Greene, who spent 37 years as a reporter and editor at Newsday, had been ill for some time and died in a Smithtown, N.Y., hospital of complications including congestive heart failure, the newspaper reported.

He won his first Pulitzer in 1970, for exposing land scandals in a Long Island town. Four years later, he helped a team of reporters win for a series that traced heroin from growing fields in Turkey to the streets of Long Island.

In 1976, Arizona Republic reporter Don Bolles was killed by a car bomb as he worked to expose organized crime. Greene, who had helped found the Investigative Reporters and Editors group, led a team of volunteers from the organization in a five-month project to complete the slain reporter’s work.

The Associated Press

Marvin Sylvor, 74, whose merry- go-rounds of giraffes, rabbits, cats and horses spanned the globe from New York’s Bryant Park to Saudi Arabia, died Wednesday in Miami of kidney failure, Dan Pisark, a vice president at Bryant Park Corp., said Friday.

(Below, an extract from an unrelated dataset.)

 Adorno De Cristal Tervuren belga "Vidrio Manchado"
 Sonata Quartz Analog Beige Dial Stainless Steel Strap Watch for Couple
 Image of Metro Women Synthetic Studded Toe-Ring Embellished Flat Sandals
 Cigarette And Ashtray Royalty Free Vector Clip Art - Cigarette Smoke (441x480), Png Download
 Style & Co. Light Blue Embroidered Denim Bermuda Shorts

Pisark called Sylvor a carousel historian and storyteller who helped revive merry-go-round building in New York City.

Bryant Park, a patch of lush green behind the New York Public Library in midtown Manhattan, commissioned Sylvor to design a carousel in 1997. It opened in 2002 with 14 one-of-a-kind pieces: 10 horses, a frog, a deer, a cat and a rabbit, all adorned with flowers, ribbons and garlands in a kaleidoscope of color.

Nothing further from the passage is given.